In the medical television drama, House, the English actor Hugh Laurie portrays a curmudgeonly bastard of a maverick antihero, Dr. Gregory House. “House,” as he is called not so endearingly by his team of diagnosticians, has the extraordinary gift of assimilating seemingly unrelated symptoms and diagnosing rare diseases, often in an ingenious and surly manner.

As a matter of course, House invariably gets the first diagnosis wrong and then proceeds to misdiagnose a second time and—apparently because the writers and producers have to fill an hour-long TV slot—usually botches the third diagnosis and so on. By the time House finally has figured out what’s wrong with the patient (typically after the patient has suffered through a multitude of near-death seizures, graphic skin manifestations, and an onslaught of pokes, prods, and verbal assaults), the dour doctor has managed to exasperate his staff and associates, the patient’s family, and anyone within earshot of his acerbic diatribes.

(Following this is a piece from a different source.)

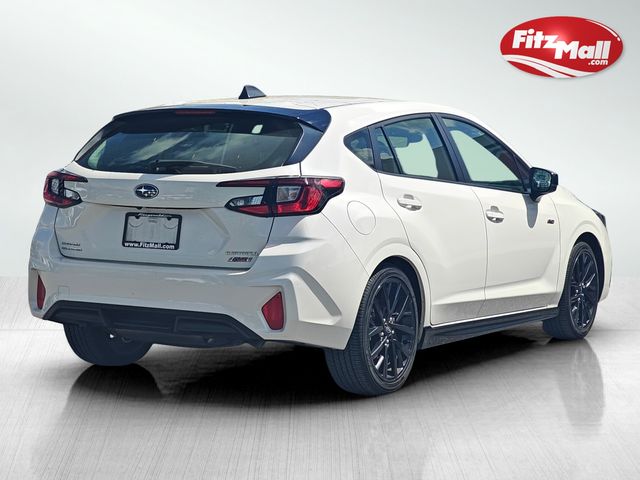 2024 Subaru Impreza RS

So why on earth are viewers so drawn to this despicable character? Is it because he is brilliant and able to articulate what many folks would love to say aloud but don’t have the nerve or vocabulary? Partly, yes, and partly too because Hugh Laurie is just so damned good at being clever; he was born for the role. But House taps in to more than just people’s admiration of disarming intelligence and biting sarcasm. House represents an outlier whose attraction is his repellence.

The idea of House, the character, works because House is the antithesis of clinical. He’s messy, he’s unpredictable, he’s gritty (unshaven), he’s irreverent, he’s insubordinate, he’s moody, he’s obnoxious, he’s outrageous. And he works in a hospital, a place where people must adhere to rules, where employees, visitors, patients all must conform to civilized society’s fragile facade. House openly pops pain killers while on duty and we watch in awe—not because we advocate his behavior, not because we think drug addiction is funny, not because we think he’s cool—we watch because the sheer notion of thumbing your nose at authority while you’re the authority is good theatre (and a secret dream of every dormant adolescent mind).

The idea of House, the TV show, works because it messes with people’s equilibrium. The world’s not supposed to work this way. Doctors are not supposed to misbehave in public. Sure, some doctors are notorious louses and social misfits, but poor bedside manner is one thing. We can live with that, unhappily, but we deal with it. It’s part of the trade-off. I’ll accept your indifference, Doctor, even your rudeness, as long as you’re competent. Outright anarchy, though, that’s quite another thing. That guy House, yeah, he’s crazy, he belongs behind bars, he’d never get away it. People don’t act that way. That’s why we love him.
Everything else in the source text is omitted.